** DATA FOR THIS EXERCISE **
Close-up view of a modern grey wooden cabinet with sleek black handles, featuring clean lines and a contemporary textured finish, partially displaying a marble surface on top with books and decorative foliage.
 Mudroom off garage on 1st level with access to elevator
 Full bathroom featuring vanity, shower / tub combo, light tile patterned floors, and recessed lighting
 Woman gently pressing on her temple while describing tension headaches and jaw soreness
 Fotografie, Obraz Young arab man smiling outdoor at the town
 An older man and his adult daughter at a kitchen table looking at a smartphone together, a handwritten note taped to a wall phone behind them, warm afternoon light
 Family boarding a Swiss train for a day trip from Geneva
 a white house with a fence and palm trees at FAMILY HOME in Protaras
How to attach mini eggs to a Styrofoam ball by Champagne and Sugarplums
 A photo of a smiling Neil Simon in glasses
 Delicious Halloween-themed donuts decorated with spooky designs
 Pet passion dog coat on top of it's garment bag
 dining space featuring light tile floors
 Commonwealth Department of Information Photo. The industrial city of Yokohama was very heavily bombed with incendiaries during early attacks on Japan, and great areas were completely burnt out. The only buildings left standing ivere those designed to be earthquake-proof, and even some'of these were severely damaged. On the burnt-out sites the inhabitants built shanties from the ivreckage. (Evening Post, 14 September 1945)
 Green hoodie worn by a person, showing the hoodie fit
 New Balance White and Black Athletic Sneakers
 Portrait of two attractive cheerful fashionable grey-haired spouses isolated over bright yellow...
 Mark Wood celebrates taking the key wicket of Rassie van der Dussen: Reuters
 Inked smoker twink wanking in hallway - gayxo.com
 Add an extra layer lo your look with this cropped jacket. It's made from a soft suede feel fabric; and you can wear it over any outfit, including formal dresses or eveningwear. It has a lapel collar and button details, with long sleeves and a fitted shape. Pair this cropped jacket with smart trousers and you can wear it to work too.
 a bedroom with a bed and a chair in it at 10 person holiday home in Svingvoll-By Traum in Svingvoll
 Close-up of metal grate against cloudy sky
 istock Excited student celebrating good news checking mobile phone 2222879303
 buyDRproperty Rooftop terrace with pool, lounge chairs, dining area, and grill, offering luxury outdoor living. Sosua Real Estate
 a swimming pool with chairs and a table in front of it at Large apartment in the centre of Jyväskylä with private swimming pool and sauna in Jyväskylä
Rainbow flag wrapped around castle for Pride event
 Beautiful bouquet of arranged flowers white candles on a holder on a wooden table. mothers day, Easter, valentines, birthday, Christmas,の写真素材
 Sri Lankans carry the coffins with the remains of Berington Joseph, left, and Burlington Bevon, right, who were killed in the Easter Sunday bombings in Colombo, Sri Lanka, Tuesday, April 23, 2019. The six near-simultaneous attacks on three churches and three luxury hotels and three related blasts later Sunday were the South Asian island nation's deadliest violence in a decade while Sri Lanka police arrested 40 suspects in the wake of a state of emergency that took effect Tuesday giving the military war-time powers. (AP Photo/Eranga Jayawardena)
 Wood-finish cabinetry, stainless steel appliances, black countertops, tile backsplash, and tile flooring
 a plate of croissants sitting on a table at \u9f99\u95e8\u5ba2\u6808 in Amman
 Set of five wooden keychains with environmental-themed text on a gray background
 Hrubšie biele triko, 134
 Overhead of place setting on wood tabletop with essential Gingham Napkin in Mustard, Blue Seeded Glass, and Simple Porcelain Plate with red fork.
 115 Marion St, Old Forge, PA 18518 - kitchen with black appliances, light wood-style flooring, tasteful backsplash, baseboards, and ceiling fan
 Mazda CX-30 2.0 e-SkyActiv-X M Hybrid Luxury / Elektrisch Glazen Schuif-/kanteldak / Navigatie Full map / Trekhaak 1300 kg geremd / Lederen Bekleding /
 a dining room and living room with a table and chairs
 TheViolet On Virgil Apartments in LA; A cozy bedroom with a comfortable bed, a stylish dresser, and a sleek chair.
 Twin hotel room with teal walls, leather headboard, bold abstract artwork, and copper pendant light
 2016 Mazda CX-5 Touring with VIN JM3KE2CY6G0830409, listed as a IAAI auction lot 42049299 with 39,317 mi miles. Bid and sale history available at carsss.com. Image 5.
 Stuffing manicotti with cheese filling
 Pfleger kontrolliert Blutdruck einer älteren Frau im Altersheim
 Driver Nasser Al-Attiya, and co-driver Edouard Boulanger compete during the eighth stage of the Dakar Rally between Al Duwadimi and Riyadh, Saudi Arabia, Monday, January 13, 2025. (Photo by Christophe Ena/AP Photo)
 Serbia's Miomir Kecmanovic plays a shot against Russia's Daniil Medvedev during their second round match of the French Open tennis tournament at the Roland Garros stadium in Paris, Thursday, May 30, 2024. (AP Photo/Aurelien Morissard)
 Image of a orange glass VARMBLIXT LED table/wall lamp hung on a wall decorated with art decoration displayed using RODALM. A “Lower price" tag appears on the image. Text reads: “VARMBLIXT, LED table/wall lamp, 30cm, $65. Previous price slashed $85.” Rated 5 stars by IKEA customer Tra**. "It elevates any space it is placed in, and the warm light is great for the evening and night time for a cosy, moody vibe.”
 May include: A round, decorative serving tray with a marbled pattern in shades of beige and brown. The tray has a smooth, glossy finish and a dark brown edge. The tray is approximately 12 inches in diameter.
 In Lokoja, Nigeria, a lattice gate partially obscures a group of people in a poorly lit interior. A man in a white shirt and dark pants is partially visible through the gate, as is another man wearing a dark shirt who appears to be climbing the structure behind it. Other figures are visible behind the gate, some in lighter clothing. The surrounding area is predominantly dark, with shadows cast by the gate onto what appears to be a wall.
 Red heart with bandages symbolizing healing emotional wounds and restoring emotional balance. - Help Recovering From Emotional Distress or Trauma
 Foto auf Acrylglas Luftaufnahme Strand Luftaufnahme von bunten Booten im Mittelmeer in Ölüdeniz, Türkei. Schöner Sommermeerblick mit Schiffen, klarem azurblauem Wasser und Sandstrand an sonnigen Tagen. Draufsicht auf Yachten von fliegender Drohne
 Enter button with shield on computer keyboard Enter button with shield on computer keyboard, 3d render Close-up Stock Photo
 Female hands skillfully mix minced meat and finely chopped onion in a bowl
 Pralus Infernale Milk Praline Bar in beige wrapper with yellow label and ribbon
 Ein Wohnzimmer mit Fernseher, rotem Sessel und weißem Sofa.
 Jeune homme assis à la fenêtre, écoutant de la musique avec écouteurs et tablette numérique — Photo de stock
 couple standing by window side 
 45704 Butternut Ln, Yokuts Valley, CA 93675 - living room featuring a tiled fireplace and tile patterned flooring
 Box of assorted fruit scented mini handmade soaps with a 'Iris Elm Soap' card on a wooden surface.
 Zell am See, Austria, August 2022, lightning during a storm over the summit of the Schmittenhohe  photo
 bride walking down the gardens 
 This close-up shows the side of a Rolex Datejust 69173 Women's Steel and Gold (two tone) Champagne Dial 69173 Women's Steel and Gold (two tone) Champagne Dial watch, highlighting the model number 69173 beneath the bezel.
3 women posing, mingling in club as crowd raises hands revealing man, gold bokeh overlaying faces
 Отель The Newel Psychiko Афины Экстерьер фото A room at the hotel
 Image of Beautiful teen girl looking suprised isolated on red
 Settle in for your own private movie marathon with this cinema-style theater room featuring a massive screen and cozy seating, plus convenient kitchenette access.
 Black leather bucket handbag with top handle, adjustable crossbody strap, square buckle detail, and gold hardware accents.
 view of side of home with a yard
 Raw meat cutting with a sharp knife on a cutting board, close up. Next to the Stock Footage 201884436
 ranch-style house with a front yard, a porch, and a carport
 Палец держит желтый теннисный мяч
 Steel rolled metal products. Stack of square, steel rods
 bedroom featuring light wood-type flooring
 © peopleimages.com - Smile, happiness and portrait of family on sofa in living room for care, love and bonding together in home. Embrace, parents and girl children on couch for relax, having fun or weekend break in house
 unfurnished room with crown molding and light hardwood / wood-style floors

** WHAT YOU HAVE TO DO **
Repeat exactly the lines of the records from the one containing "This close-up shows" to the last, and include no line outside that stretch.

** RESULT **
 This close-up shows the side of a Rolex Datejust 69173 Women's Steel and Gold (two tone) Champagne Dial 69173 Women's Steel and Gold (two tone) Champagne Dial watch, highlighting the model number 69173 beneath the bezel.
3 women posing, mingling in club as crowd raises hands revealing man, gold bokeh overlaying faces
 Отель The Newel Psychiko Афины Экстерьер фото A room at the hotel
 Image of Beautiful teen girl looking suprised isolated on red
 Settle in for your own private movie marathon with this cinema-style theater room featuring a massive screen and cozy seating, plus convenient kitchenette access.
 Black leather bucket handbag with top handle, adjustable crossbody strap, square buckle detail, and gold hardware accents.
 view of side of home with a yard
 Raw meat cutting with a sharp knife on a cutting board, close up. Next to the Stock Footage 201884436
 ranch-style house with a front yard, a porch, and a carport
 Палец держит желтый теннисный мяч
 Steel rolled metal products. Stack of square, steel rods
 bedroom featuring light wood-type flooring
 © peopleimages.com - Smile, happiness and portrait of family on sofa in living room for care, love and bonding together in home. Embrace, parents and girl children on couch for relax, having fun or weekend break in house
 unfurnished room with crown molding and light hardwood / wood-style floors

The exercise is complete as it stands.